The court stayed an appeal against an individual’s extradition to Lithuania to face a criminal trial. There was an international consensus that conditions in Lithuanian remand prisons were such that there was real risk of prisoners’ ECHR art.3 rights being violated, and the Lithuanian authorities were given the opportunity to provide a satisfactory assurance that the requested individual would not be remanded in custody pending trial in conditions that violated art.3.
PENOLOGY AND CRIMINOLOGY
The Court of Appeal interpreted the term “persistent offender” in the Nationality, Immigration and Asylum Act 2002 s.117D(2)(c)(iii) concerning the deportation of foreign criminals. There was no rule that the status of “persistent offender”, once acquired, could never be lost. Further, there was no requirement, under the Immigration Rules para.398(c), to attach significant weight to the views of the secretary of state in relation to whether an individual was a persistent offender.
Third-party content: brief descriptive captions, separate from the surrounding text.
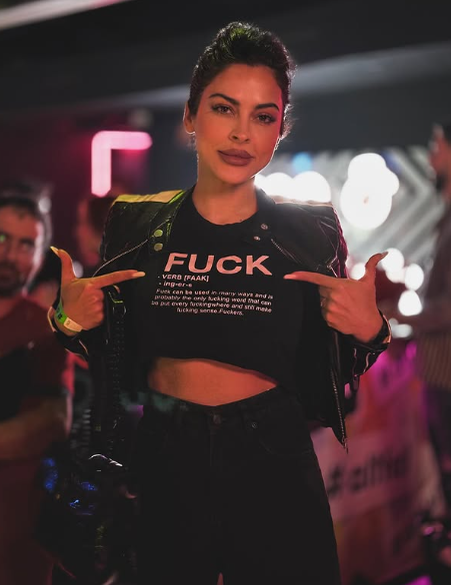 Ema face ce face și se vrea tot în centrul atenției! (INSTAGRAM.COM)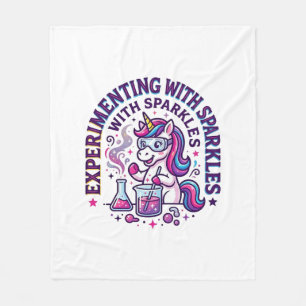 Einhorn experimentiert mit Funkeln Werbefilm Cut Fleecedecke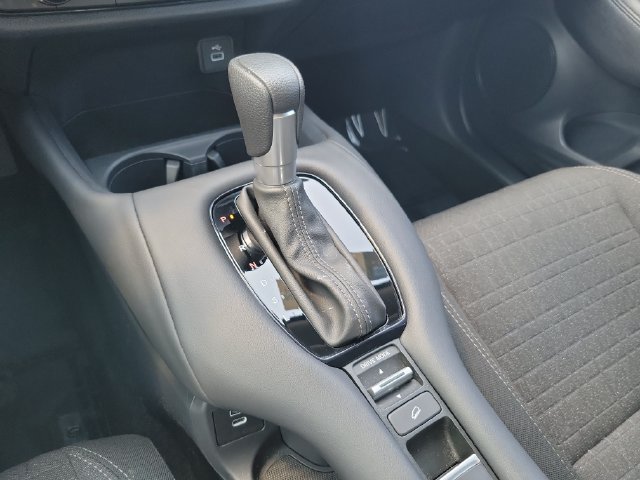 2025 Honda HR-V LX - Photo 22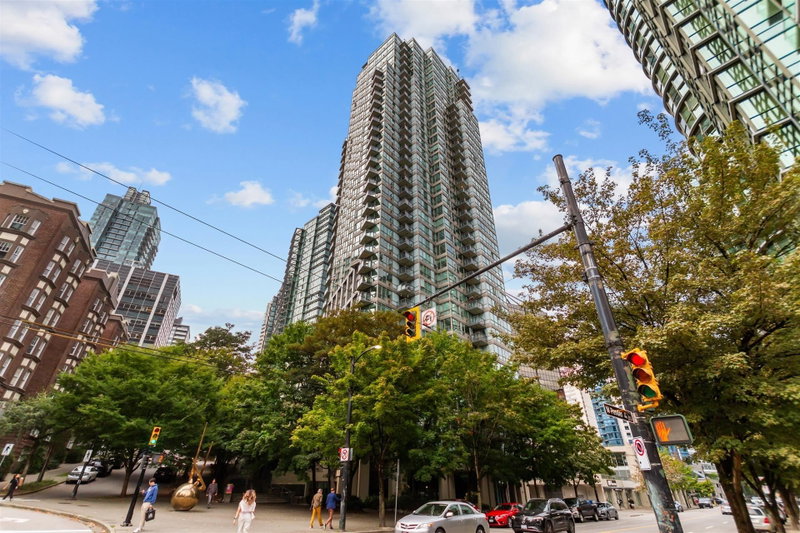 2206 - 1328 Pender Street W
The Parole Board Rules 2016 r.25(1), which prohibited making information public about Parole Board proceedings, was too broad and was ultra vires the rule-making power set out in the Criminal Justice Act 2003 Pt 12 s.239(5). The Board’s decision directing the release of a Category A prisoner serving an indeterminate sentence was irrational, as the Board should have undertaken further inquiry into the circumstances of his offending, and in particular the fact that he had admitted only to the 12 sexual offences of which he had been convicted, when there were references in the dossier to “80+ potential victims” and a key issue leading to the release decision was his openness and honesty. The further inquiry would have allowed the Board to test his account.
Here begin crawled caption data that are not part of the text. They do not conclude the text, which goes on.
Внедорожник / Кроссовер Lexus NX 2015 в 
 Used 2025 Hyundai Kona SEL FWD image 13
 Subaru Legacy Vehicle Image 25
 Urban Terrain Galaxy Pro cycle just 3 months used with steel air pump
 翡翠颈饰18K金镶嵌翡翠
The court determined to what extent the Criminal Appeal Act 1968 s.11(3) constrained an appellate court’s ability to replace a standard determinate sentence with a special custodial sentence for offenders of particular concern, an extended sentence, or orders under the Mental Health Act 1983. It also indicated that, in an exceptional case, the court could impose consecutive extended sentences so as to increase the potential licence period beyond the statutory maxima for the offences in question.
Application of the “multiple conviction rule” under the Rehabilitation of Offenders Act 1974 (Exceptions) Order 1975 art.2A(3)(c) and the Police Act 1997 s.113A and s.113B, requiring disclosure of spent convictions, resulted in an interference with ECHR art.8 which was neither in accordance with the law nor necessary in a democratic society.